Retailers are prioritising investment in e-commerce platforms above in-store IT systems as businesses prepare for...
more high street store closures with the move to online, according to research.
The IT in Retail report from consultancy Martec, sponsored by JDA software, analysed the systems strategies of 150 top UK retailers, representing sales of £203bn and 70% of the UK market.
While e-commerce has grown 16%, overall sales rose by just 1.5%, suggesting a cannibalisation of high street sales, it said.
Brian Hume, managing director of Martec, estimated that this equates to the closure of 40 stores per week, with that figure expected to rise significantly as more people shop online.
Department stores expect up to 40% of their sales to eventually come from online shoppers, with other retailers expecting it to consist of around 20% of sales.
The research found retailers were prioritising investment in e-commerce platforms above in-store IT for the second year running.

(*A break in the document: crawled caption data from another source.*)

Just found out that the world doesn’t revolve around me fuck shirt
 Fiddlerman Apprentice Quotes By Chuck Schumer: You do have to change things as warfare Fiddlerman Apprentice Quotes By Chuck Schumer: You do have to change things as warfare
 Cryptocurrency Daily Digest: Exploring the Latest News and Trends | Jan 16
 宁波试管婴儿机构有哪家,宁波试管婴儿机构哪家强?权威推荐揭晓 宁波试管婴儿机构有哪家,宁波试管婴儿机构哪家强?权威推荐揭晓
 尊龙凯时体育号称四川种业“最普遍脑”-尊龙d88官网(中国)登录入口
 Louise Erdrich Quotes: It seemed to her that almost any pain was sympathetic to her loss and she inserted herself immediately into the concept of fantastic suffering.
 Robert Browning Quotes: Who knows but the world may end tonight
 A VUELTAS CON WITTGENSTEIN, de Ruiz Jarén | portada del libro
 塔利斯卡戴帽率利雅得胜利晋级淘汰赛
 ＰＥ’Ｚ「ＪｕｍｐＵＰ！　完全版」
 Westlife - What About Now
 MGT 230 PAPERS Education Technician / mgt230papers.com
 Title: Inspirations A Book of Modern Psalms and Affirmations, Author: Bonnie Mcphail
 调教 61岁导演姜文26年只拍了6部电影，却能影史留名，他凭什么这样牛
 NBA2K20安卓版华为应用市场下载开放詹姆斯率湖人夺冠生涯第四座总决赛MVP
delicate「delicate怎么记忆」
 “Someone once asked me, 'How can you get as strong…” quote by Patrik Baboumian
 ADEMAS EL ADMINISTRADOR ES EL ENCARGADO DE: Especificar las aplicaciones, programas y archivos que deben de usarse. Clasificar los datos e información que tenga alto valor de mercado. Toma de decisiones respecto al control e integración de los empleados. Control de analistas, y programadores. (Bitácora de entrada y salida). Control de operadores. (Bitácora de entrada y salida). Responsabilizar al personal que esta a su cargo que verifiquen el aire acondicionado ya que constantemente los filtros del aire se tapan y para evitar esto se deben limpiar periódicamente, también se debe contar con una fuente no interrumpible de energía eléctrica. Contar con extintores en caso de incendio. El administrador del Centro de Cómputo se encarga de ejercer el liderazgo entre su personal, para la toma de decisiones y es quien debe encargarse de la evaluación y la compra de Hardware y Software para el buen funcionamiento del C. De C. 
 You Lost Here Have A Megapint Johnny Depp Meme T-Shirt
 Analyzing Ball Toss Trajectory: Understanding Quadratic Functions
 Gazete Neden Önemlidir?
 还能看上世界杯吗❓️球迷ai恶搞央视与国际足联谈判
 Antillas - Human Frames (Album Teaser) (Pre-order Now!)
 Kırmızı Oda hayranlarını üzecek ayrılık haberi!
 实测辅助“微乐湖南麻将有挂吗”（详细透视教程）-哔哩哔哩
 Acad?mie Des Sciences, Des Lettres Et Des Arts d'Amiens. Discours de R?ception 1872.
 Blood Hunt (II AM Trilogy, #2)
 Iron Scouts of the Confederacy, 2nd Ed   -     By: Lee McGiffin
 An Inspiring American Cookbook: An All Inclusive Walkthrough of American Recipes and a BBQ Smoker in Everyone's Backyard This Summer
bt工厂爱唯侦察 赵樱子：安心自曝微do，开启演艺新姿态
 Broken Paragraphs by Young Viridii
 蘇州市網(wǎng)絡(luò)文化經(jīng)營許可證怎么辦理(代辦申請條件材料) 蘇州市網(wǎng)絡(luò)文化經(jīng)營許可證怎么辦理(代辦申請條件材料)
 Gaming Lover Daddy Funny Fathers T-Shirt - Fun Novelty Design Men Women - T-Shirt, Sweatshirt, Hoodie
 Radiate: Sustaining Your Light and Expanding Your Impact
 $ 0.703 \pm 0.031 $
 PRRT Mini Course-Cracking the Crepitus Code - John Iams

“Where stores are spending money upgrading store systems software, a lot of that is about supporting multi-channel retail, such as click and collect. There is upgrade expenditure on application software, but what they are not buying is lots of hardware. Where they are buying new hardware, it is to support e-commerce growth," said Hume.
He said certain stores, such as fashion outlets, would increasingly replace point-of-sale (POS) systems with mobile tills in the form of tablets because they have lower investment costs.
The average IT spend came to 0.9% of the overall budget – a 0.1% drop from last year. However, the survey found that e-commerce spend was increasingly coming out of other areas of budget for the business.
The research also found cloud-based computing is becoming mainstream, with 35% of retailers using one or more application in the cloud, and a further 28% planning to do so. The most important retail application run in the cloud is e-commerce, it said.
Around 23% of store-based survey respondents offer free customer Wi-Fi in at least some of their stores and another 12% are planning to do so, it found.
Hume said stores deploying Wi-Fi first could get ahead of the game by targeting customers with offers and promotions once they were on the store’s network. But he said the fear for many retailers is that customers would use networks to make price comparisons and shop elsewhere.
Hume cited the example of Currys and Comet as highlighting the stakes for retailers: “Both have similar business models in the same market – but Comet went under, while there is no suggestion that will happen to Currys. That’s because Currys got into e-commerce development a whole lot faster and more thoroughly.
"For example, Currys figured out a payment system which gave the in-store team a group commission for sales, which also included sales made online but within that catchment area. That meant staff were happy to help customers make purchases online, as they were still receiving commission.”